3.2.1 Affiliated Companies . This Agreement applies with respect to all of Supplier’s Affiliated Companies supplying Product to Sun. Sun and all of its Affiliated Companies may purchase Product under the terms of this Agreement. This Agreement also applies to and binds Affiliated Companies of Sun and Affiliated Companies of Supplier, which provide written notice of their acceptance of the terms of this Agreement. Submission of a purchase order referencing this Agreement and the issuance of an order acknowledgment is deemed to constitute acceptance of the terms of this Agreement.

3.2.2 Sun Contractors . Supplier agrees to sell Products to Sun Contractors and to extend to Sun Contractor(s) the same terms and conditions for the Products as set forth in this Agreement and any Award Letter(s) with respect to payment, warranty, epidemic failures, outside requirements and forecasting commitments. Supplier agrees that it will include in its agreement for the Product(s) it has with a Sun Contractor(s) a provision that: (a) the Sun Contractor may not sell Products except to Sun or parties designated by Sun in writing; and (b) Sun is an intended third party beneficiary of the agreement between the Supplier and Sun Contractor. Supplier shall have the right to determine the creditworthiness of any Sun Contractor and may reasonably temporarily suspend those terms in the event the Sun Contractor fails to demonstrate acceptable creditworthiness. All purchases made by Sun Contractors shall be added to Sun’s cumulative volume of Products purchased for the purpose of determining any applicable volume discounts. Sun shall not be liable for, or a guarantor of, payment for Products ordered by any Sun Contractor. Wherever Sun has negotiated payment terms with a third party Sun Supplier on behalf of Supplier, Supplier shall independently enter into an agreement with that other Sun Supplier to cover Supplier’s purchases of products or components made in furtherance of the obligations set forth in this Agreement. Supplier shall establish a process to ensure that the third party Sun Supplier only extends the terms negotiated by Sun to purchases that Supplier makes in furtherance of this Agreement.
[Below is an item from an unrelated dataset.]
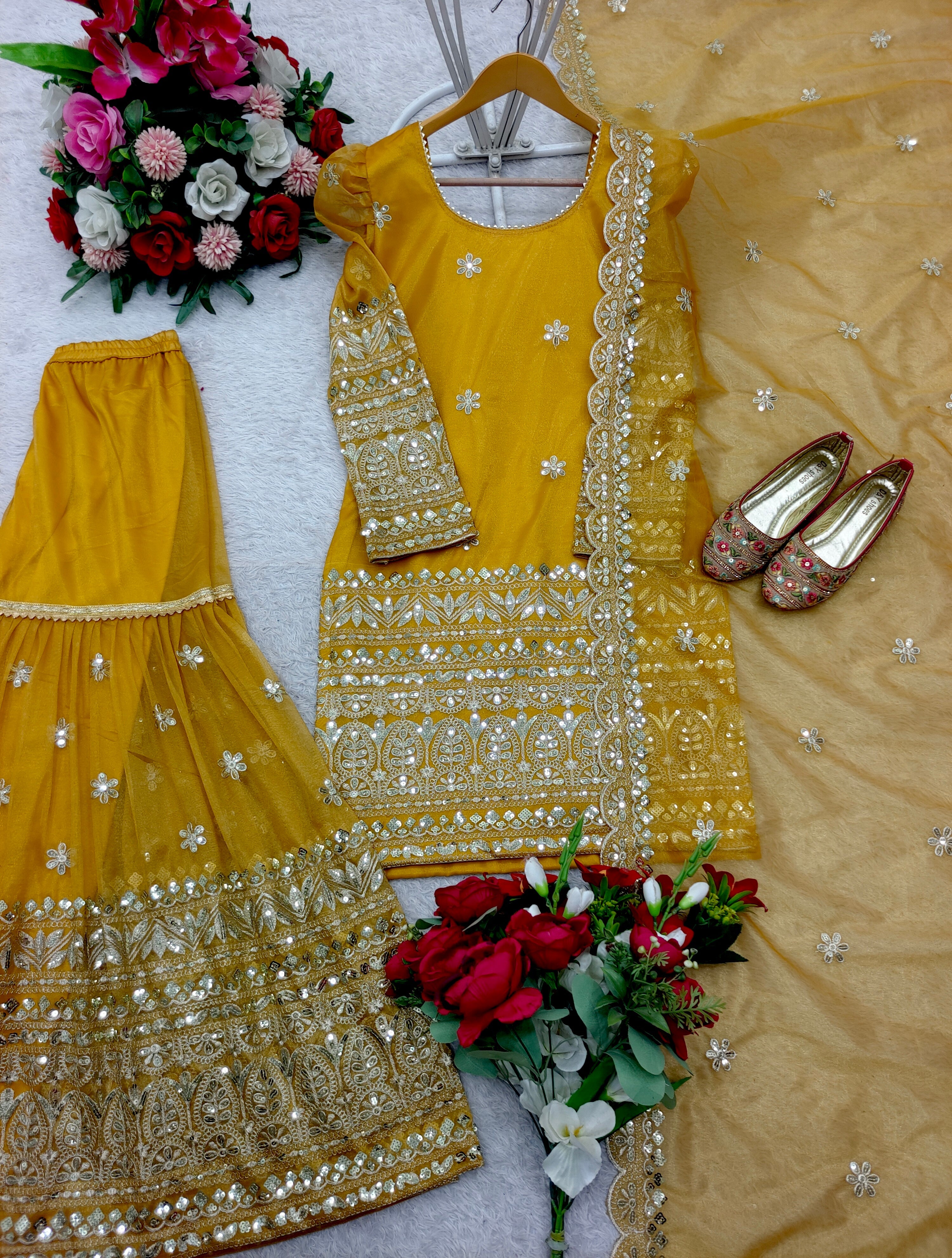 पार्टी वेयर टॉप-शरारा और दुपट्टा, कढ़ाई और सीक्वेंस वर्क के साथ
4. PURCHASE RIGHTS AND DISCONTINUANCE

4.1 Purchase Rights . Supplier grants to Sun the right, for the period set forth in the applicable Award Letter, which period shall commence upon the Award Letter Effective Date , to purchase from Supplier production volume quantities of the Product under the terms and conditions of this Agreement and the applicable Award Letter.

4.2 Product Discontinuance . Supplier will provide Sun with Product during the Minimum Purchase Rights Period set forth in the Award Letter. Should Supplier thereafter discontinue a Product, Supplier shall provide Sun with eighteen (18) month’s written notice (which notice shall not be given until after the Minimum Purchase Rights Period has expired) prior to the date Supplier intends to discontinue manufacture or sale of such Product. Supplier will accept orders for Product during such eighteen-month period.
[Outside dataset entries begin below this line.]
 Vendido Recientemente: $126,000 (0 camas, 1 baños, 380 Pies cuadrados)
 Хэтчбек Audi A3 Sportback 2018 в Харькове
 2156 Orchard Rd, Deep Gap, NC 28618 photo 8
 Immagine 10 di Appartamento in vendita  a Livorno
4.3 Alternative Sources of Products . This Agreement is non-exclusive and Sun shall have the right to establish alternative and additional sources of supply for the Products at any time.

5. FORECAST AND PURCHASE ORDERS

5.1 Rolling Forecast and Demand Horizon Report . Sun will provide Supplier with at least a six (6) quarter rolling non-binding forecast, updated once per week (the “Forecast”) and a Demand Horizon Report Neither Sun’s Forecast nor Demand Horizon Report constitutes a commitment to purchase a particular quantity of Products.

5.2 Blanket Purchase Order . Sun may provide Supplier with a Blanket Purchase Order for Products. Blanket Purchase Orders are not a commitment and shall not be used as a basis for Supplier’s materials resource planning.

5.3 Rescheduling . Sun may reschedule shipments of all or part of any Purchase Order, at no charge, provided that the rescheduled shipment date will in no event be later than ninety days (90) past the initial shipment date. Sun may request to reschedule the shipment date from ninety one (91) to one hundred and eighty days (180) days past the initial shipment date for an additional fee of one percent (1%) of the value of the rescheduled portion per month. If Sun provides a verbal reschedule notice, Sun will follow up such notice in writing within twenty-four (24) hours from such verbal reschedule notice. If Sun subsequently cancels a rescheduled Purchase Order, the provisions of Article 5.4 (Cancellation) will apply.

5.4 Cancellation . Sun may cancel a Purchase Order, or any part thereof, at any time prior to Supplier’s shipment of Product. Sun’s liability for any Purchase Order cancellation will be limited to payment for Obsolete Material as set forth in Article 10.2 . Cancellation by Sun of a Purchase Order will not excuse Supplier’s performance with respect to any other order.

6. FLEXIBILITY. Supplier commits to meet Sun’s upside demand for Products and capacity in the percentages set forth in the Award Letter at no additional cost to Sun and without impact to Supplier service levels or Delivery Lead-times. As requested by Sun, Supplier agrees to use commercially reasonable efforts to provide upside support in excess of the designated percentages. Upside support for a Product will commence the first calendar quarter following Sun’s general availability of the Product.

 

7. PRICING.

7.1 Product Pricing .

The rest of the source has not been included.